Activity: Repeat only the lines from the one containing "PA7 tápegység MG6250 központhoz (PA7)" to the final line below, exactly as they read, and leave every picture out.

(Scraped caption text data)
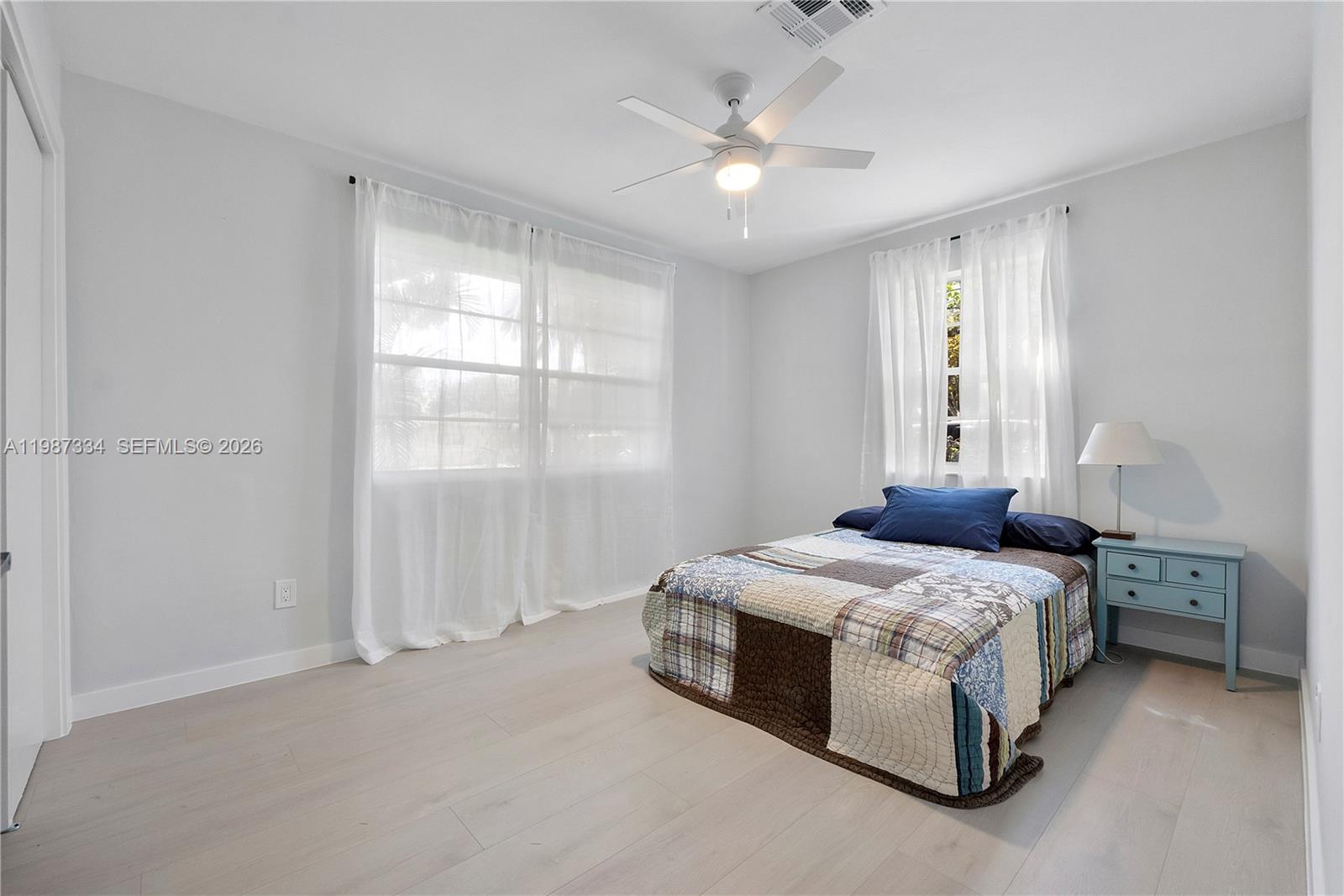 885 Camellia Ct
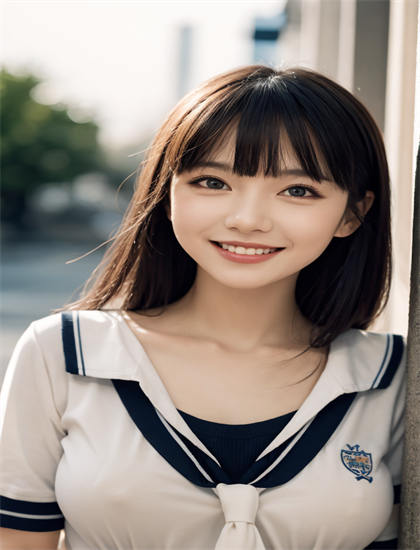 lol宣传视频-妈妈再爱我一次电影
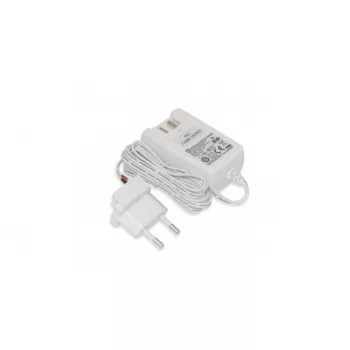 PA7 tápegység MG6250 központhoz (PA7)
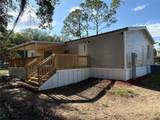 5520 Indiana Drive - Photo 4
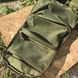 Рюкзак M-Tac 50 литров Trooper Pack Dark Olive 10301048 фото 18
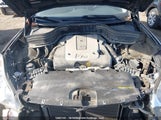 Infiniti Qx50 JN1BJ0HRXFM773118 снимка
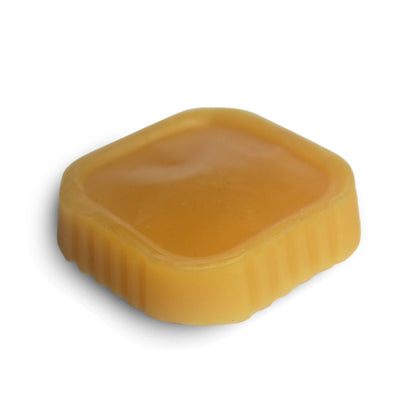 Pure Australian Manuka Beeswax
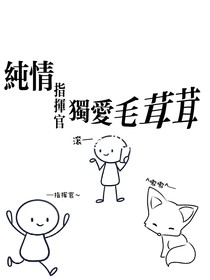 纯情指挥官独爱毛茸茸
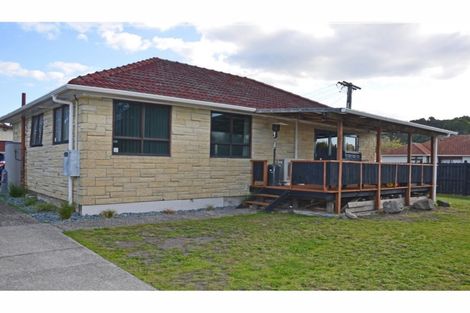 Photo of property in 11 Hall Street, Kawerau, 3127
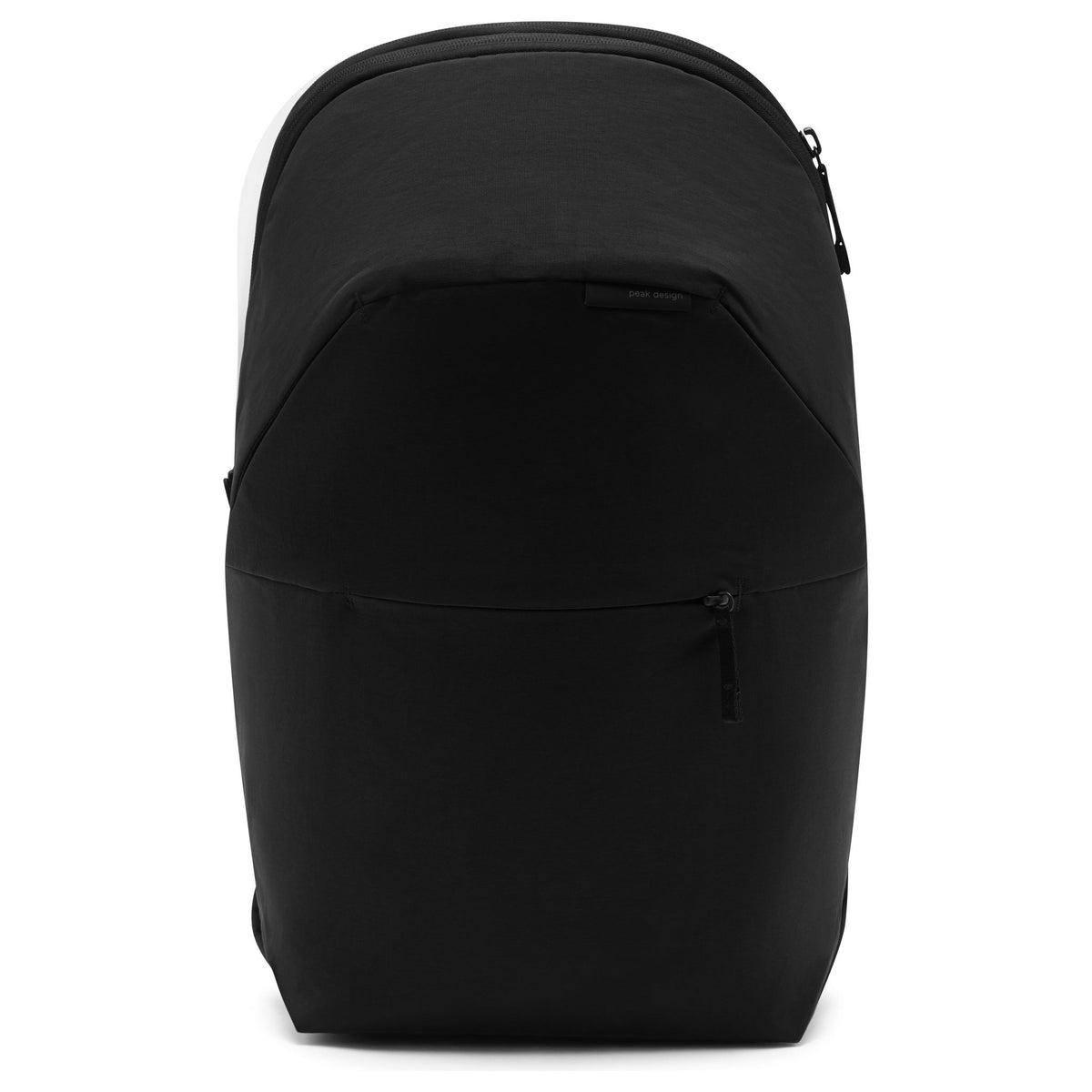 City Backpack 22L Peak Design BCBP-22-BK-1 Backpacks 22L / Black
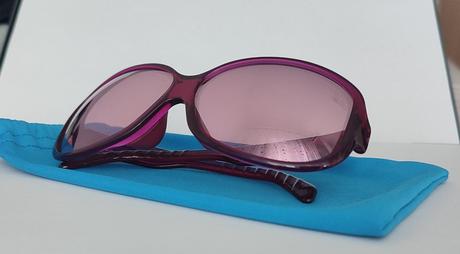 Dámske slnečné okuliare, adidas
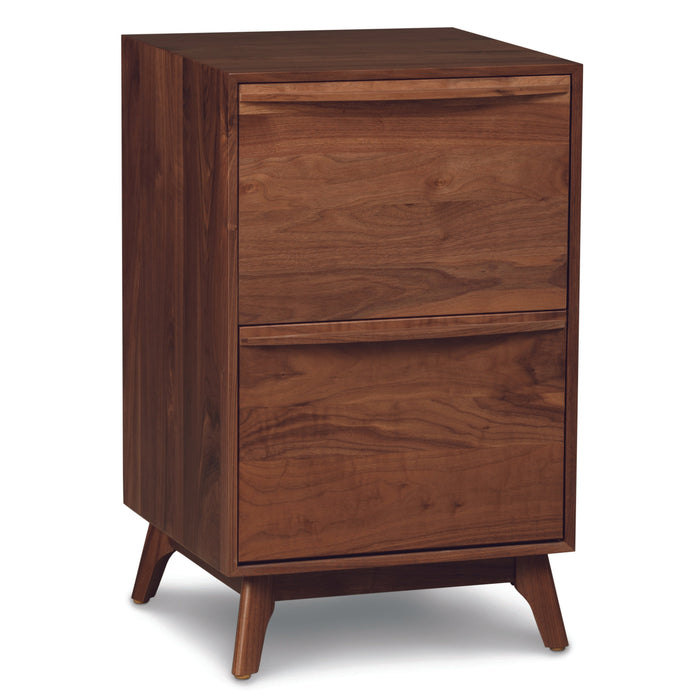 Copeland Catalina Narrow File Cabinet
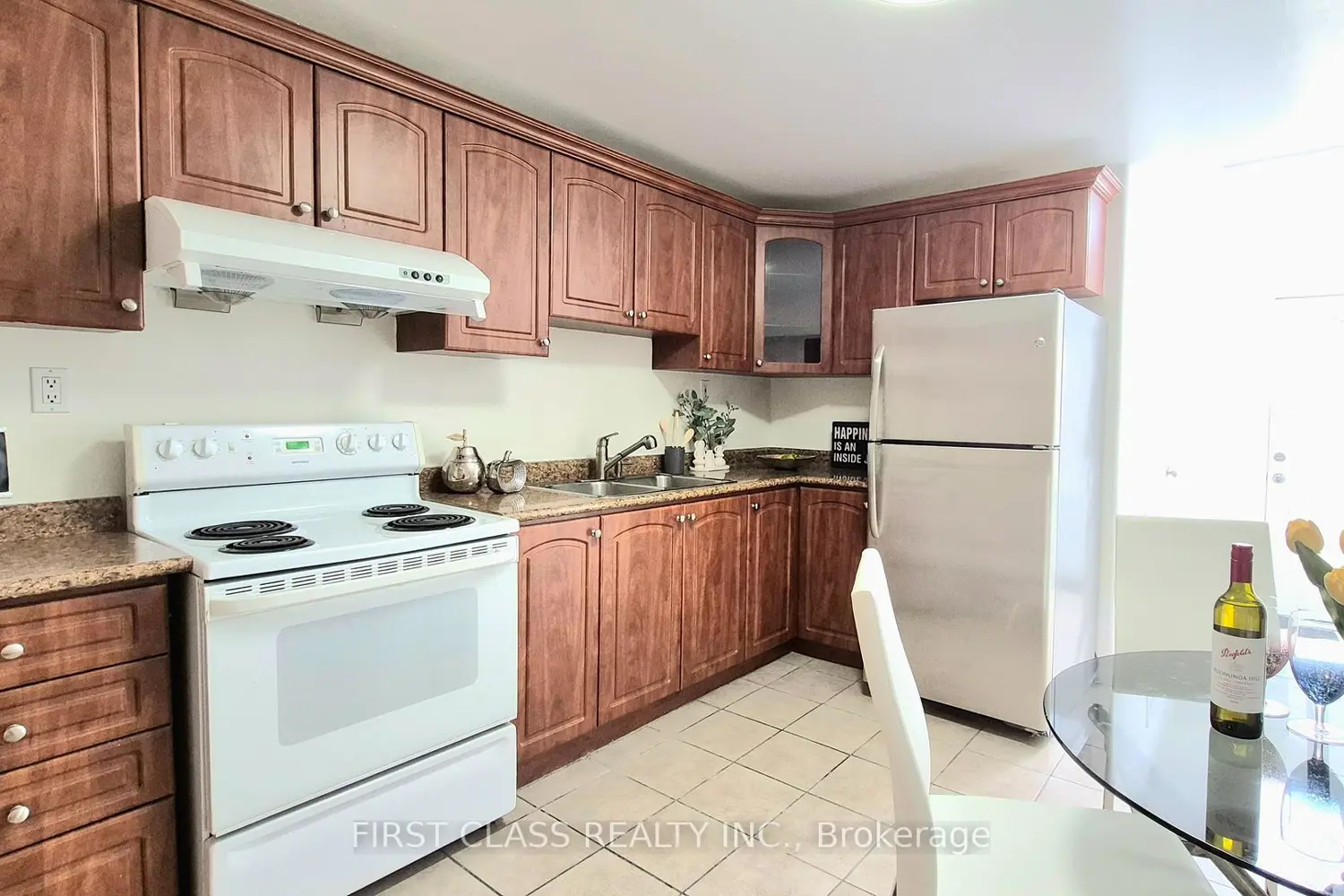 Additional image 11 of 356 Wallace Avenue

Expected output:
 PA7 tápegység MG6250 központhoz (PA7)
 5520 Indiana Drive - Photo 4
 Рюкзак M-Tac 50 литров Trooper Pack Dark Olive 10301048 фото 18
 Infiniti Qx50 JN1BJ0HRXFM773118 снимка
 Pure Australian Manuka Beeswax
 纯情指挥官独爱毛茸茸
 Photo of property in 11 Hall Street, Kawerau, 3127
 City Backpack 22L Peak Design BCBP-22-BK-1 Backpacks 22L / Black
 Dámske slnečné okuliare, adidas
 Copeland Catalina Narrow File Cabinet
 Additional image 11 of 356 Wallace Avenue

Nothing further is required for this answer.